R programming, a gentle introduction
M1 IREF, M1 ROAD
1 / 29
Laurent Bergé
BxSE, University of Bordeaux
Fall 2022

Text manipulation2 / 29

Character strings in R

nowadays, many applications using text data (NLP & ML)
pretty easy to deal with text in R (and usually efficient)
we will see only the most basic (and usually most useful) text manipulation in R

3 / 29

Concatenate strings: Paste

To concatenate several character strings (henceforth CS), use paste():

paste("hi", "everyone")
#> [1] "hi everyone"
godNames = c("Zeus", "Aphrodite")
paste("Hello holy", godNames) # returns a vector
#> [1] "Hello holy Zeus"      "Hello holy Aphrodite"

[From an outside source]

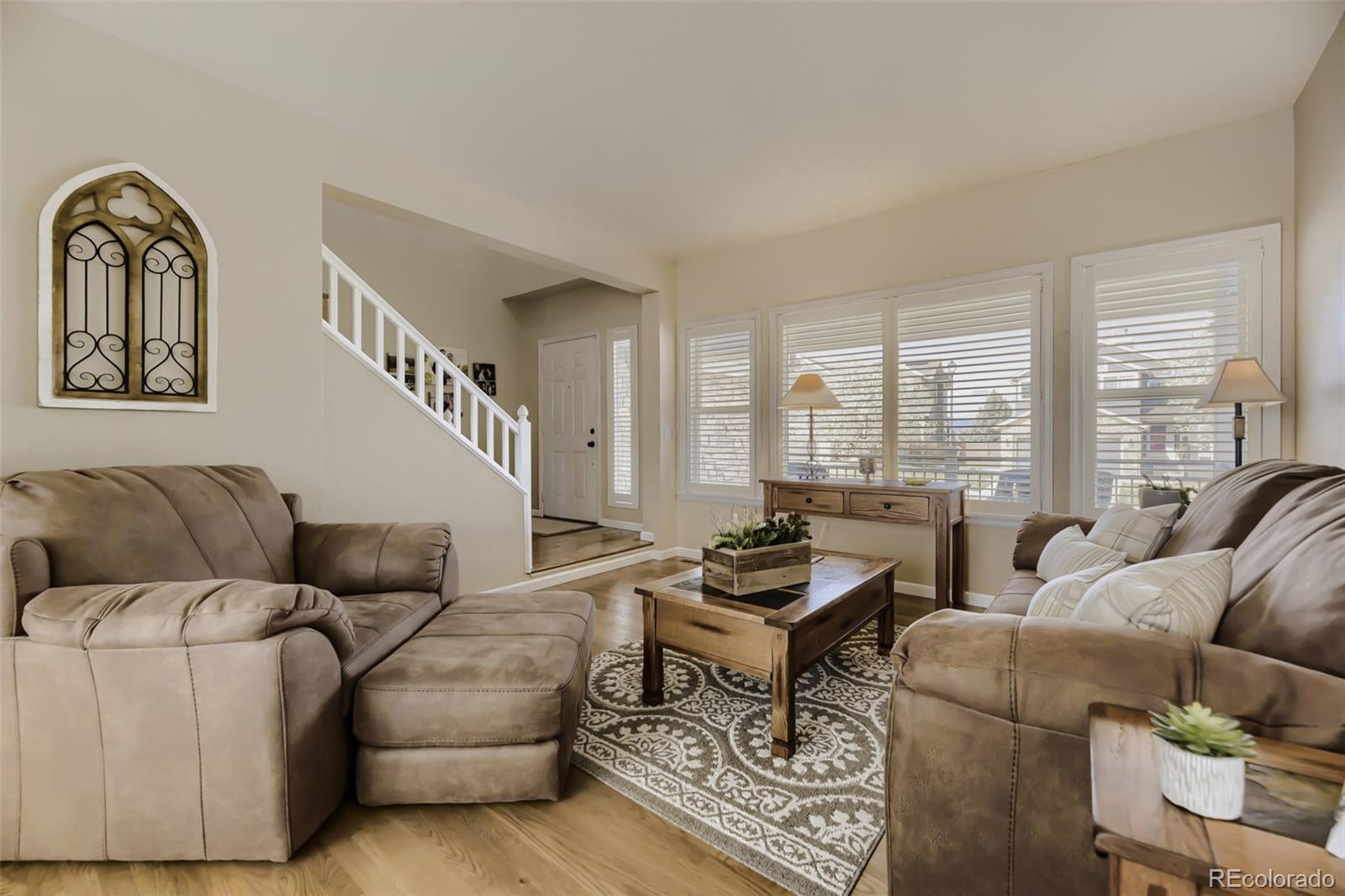 MLS Image #4 for 8685  aberdeen circle,highlands ranch, Colorado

This function takes in several vectors and return one vector.

# What's the result of:
paste(c("iphone", "Samsung"), 1:6)

#> [1] "iphone 1"  "Samsung 2" "iphone 3"  "Samsung 4" "iphone 5"  "Samsung 6"

To understand the behavior: remember recycling!

4 / 29

Paste

This function can return either scalar or vectors. It has two main arguments:

sep, which is the separator between two CS (default is " ")
collapse, if provided, it will glue a vector of CS with the value of collapse

paste("Hello holy", godNames, collapse = " and ") # 1 CS only
#> [1] "Hello holy Zeus and Hello holy Aphrodite"
paste("Hello holy", godNames, sep = "....") # vector of length 2
#> [1] "Hello holy....Zeus"      "Hello holy....Aphrodite"
paste("Hello holy", godNames, sep = "....", collapse = " and ")
#> [1] "Hello holy....Zeus and Hello holy....Aphrodite"

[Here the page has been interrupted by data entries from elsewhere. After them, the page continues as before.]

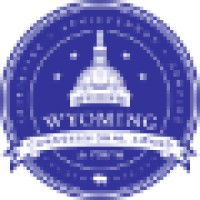 Wyoming Congressional Award Logo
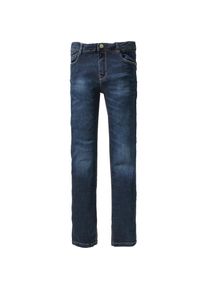 Lemmi, Mädchen Jeans 'JANE', Blue Denim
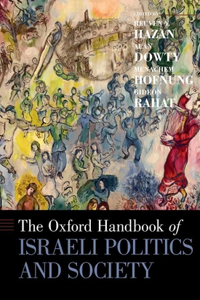 Oxford Handbook of Israeli Politics and Society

The behavior of collapse is:

charvec_tmp = paste("Hello holy", godNames, sep = "........")
paste(charvec_tmp, collapse = " and ")

5 / 29

Paste's friend `paste0`

By default the function paste concatenates with a space between the character elements:

paste("20", "22")
#> [1] "20 22"

Use paste0 to concatenate with the empty string:

paste0("20", "22")
#> [1] "2022"

I avoids adding the argument sep = "" in paste.

6 / 29

Paste: exercise

Let df = iris a copy of the iris data.

Create a unique ID for df observations.

The character ID should be of the form:

[Species name]_[order of appearance].

# something that may be useful
table(iris$Species) # frequencies
#> 
#>     setosa versicolor  virginica 
#>         50         50         50

7 / 29

Formatting character vectors

"Laurent" == "laurent"
#> [1] FALSE
"bergé" == "berge"
#> [1] FALSE
"Laurent, Bergé" == "Laurent Bergé"
#> [1] FALSE

as you can see, although the values convey the same information, they are treated as different.
when dealing with text data, you first need to format them for meaningful comparisons.

8 / 29

Converting to ASCII

To convert to ASCII, easiest way is to use iconv():

iconv("Laurent Bergé, €™", to = "ASCII")
#> [1] NA
iconv("Laurent Bergé, €™", to = "ASCII//IGNORE")
#> [1] "Laurent Berg, "
iconv("Laurent Bergé, €™", to = "ASCII//TRANSLIT")
#> [1] "Laurent Berge, ?T"

argument to defines the bahavior of iconv:

"ASCII" defines the encoding target. By default, if non ACII character is encounters: full value is NA.
"IGNORE": if a non ASCII is met, it is deleted.
"TRANSLIT": if a non ASCII is met, it is replaced with an "equivalent" letter -- or a question mark if no equivalent is found.

9 / 29

Formatting: lower/upper

foxDog = "The Brown Fox Jumps Over The Lazy Dog"
tolower(foxDog)
#> [1] "the brown fox jumps over the lazy dog"
toupper(foxDog)
#> [1] "THE BROWN FOX JUMPS OVER THE LAZY DOG"

10 / 29

Extracting substrings

# to extract a subset of a CS:
substr(foxDog, start = 1, stop = 13)
#> [1] "The Brown Fox"
substr(foxDog, 26, nchar(foxDog))
#> [1] "The Lazy Dog"

# You can apply it directly to vectors
substr(rep(foxDog, 2), c(1, 26), c(13, nchar(foxDog)))
#> [1] "The Brown Fox" "The Lazy Dog"

11 / 29

Splitting

To split a CS, use strsplit():

strsplit(foxDog, split = "Jumps Over")
#> [[1]]
#> [1] "The Brown Fox " " The Lazy Dog"

What do you notice?

The splitting character disappeared
It returns a list! $\Rightarrow$ What's the logic?

12 / 29

Splitting

# It can be applied to vectors:
text = c("Rumble thy bellyful!", "Spit, fire!", "Spout, rain!",
         "Nor rain, wind, thunder, fire are my daughters.")
strsplit(text, split = " ")
#> [[1]]
#> [1] "Rumble"    "thy"       "bellyful!"
#> 
#> [[2]]
#> [1] "Spit," "fire!"
#> 
#> [[3]]
#> [1] "Spout," "rain!" 
#> 
#> [[4]]
#> [1] "Nor"        "rain,"      "wind,"      "thunder,"   "fire"      
#> [6] "are"        "my"         "daughters."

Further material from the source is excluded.